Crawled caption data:
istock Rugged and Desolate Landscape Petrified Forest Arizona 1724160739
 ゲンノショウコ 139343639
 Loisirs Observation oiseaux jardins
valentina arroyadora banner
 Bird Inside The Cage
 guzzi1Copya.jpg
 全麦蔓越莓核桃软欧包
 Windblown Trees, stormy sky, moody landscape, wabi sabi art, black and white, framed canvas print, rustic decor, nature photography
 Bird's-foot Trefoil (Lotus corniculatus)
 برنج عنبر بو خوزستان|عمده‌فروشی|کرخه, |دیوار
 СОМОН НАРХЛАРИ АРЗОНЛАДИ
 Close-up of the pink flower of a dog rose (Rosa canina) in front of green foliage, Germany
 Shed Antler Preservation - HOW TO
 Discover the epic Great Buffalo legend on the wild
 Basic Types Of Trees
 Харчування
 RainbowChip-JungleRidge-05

### EXERCISE OBJECTIVE
Each record above must be given again exactly as written.

### RESPONSE BOX
istock Rugged and Desolate Landscape Petrified Forest Arizona 1724160739
 ゲンノショウコ 139343639
 Loisirs Observation oiseaux jardins
valentina arroyadora banner
 Bird Inside The Cage
 guzzi1Copya.jpg
 全麦蔓越莓核桃软欧包
 Windblown Trees, stormy sky, moody landscape, wabi sabi art, black and white, framed canvas print, rustic decor, nature photography
 Bird's-foot Trefoil (Lotus corniculatus)
 برنج عنبر بو خوزستان|عمده‌فروشی|کرخه, |دیوار
 СОМОН НАРХЛАРИ АРЗОНЛАДИ
 Close-up of the pink flower of a dog rose (Rosa canina) in front of green foliage, Germany
 Shed Antler Preservation - HOW TO
 Discover the epic Great Buffalo legend on the wild
 Basic Types Of Trees
 Харчування
 RainbowChip-JungleRidge-05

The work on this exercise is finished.